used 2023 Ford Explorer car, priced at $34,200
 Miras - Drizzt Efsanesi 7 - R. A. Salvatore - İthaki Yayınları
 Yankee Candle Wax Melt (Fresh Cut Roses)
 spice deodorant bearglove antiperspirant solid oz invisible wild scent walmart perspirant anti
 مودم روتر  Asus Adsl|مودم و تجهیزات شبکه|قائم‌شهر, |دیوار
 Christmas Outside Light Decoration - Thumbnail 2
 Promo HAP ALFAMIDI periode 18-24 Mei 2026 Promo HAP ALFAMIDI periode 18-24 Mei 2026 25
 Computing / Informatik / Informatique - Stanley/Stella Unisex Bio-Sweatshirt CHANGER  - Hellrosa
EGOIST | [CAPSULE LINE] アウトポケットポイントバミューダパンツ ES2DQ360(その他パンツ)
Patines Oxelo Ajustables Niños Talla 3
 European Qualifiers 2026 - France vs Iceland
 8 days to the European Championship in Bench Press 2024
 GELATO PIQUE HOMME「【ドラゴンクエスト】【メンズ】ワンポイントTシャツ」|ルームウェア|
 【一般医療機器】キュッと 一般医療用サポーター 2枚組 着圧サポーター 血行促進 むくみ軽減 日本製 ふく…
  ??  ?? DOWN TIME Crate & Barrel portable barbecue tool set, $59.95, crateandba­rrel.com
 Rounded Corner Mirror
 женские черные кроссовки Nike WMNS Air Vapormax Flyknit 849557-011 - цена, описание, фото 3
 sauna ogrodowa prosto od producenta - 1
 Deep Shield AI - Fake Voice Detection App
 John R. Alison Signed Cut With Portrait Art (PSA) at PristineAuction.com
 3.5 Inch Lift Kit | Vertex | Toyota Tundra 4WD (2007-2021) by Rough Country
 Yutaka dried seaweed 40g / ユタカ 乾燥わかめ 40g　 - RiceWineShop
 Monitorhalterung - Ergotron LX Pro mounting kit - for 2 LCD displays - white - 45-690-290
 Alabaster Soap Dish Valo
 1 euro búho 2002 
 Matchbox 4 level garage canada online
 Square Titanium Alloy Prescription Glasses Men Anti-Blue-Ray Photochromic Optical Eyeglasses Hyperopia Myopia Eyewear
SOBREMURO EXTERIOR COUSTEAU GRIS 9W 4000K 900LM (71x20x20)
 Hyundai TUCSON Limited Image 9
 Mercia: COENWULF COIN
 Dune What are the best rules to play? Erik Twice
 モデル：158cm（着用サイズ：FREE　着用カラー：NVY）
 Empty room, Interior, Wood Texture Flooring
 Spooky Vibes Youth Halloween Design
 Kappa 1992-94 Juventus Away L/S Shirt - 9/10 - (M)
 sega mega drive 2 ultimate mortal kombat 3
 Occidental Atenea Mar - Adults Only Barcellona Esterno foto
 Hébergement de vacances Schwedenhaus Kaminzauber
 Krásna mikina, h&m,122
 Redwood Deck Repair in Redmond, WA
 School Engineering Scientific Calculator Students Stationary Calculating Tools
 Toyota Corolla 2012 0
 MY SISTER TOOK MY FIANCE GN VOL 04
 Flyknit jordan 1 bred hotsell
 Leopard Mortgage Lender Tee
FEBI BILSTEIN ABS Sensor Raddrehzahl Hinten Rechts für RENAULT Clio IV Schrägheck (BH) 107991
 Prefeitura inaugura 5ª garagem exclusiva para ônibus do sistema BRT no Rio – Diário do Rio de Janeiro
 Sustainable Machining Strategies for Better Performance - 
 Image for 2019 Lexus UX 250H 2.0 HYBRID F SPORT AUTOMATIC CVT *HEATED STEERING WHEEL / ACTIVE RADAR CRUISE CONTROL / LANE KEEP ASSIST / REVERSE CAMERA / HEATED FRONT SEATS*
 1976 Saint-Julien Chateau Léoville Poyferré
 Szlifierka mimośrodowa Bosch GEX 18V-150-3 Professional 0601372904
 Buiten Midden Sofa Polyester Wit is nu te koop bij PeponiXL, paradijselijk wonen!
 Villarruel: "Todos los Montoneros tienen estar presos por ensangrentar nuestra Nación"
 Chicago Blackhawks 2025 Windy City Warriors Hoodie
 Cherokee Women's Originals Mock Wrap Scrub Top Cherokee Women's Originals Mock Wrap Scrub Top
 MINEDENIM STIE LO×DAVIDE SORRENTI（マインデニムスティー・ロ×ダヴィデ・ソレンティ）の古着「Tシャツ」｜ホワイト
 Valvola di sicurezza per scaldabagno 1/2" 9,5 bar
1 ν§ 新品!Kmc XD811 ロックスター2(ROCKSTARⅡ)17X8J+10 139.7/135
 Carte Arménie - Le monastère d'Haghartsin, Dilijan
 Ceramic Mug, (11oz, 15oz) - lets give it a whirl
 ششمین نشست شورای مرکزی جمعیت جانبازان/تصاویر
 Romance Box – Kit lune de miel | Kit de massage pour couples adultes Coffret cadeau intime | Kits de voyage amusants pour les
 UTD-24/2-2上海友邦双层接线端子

============

## THE TASK
Once you reach the line with "Yutaka dried seaweed" in the data above, copy it and every line after it exactly, up to and including the line with "Dune What are".

## EXPECTED OUTPUT
 Yutaka dried seaweed 40g / ユタカ 乾燥わかめ 40g　 - RiceWineShop
 Monitorhalterung - Ergotron LX Pro mounting kit - for 2 LCD displays - white - 45-690-290
 Alabaster Soap Dish Valo
 1 euro búho 2002 
 Matchbox 4 level garage canada online
 Square Titanium Alloy Prescription Glasses Men Anti-Blue-Ray Photochromic Optical Eyeglasses Hyperopia Myopia Eyewear
SOBREMURO EXTERIOR COUSTEAU GRIS 9W 4000K 900LM (71x20x20)
 Hyundai TUCSON Limited Image 9
 Mercia: COENWULF COIN
 Dune What are the best rules to play? Erik Twice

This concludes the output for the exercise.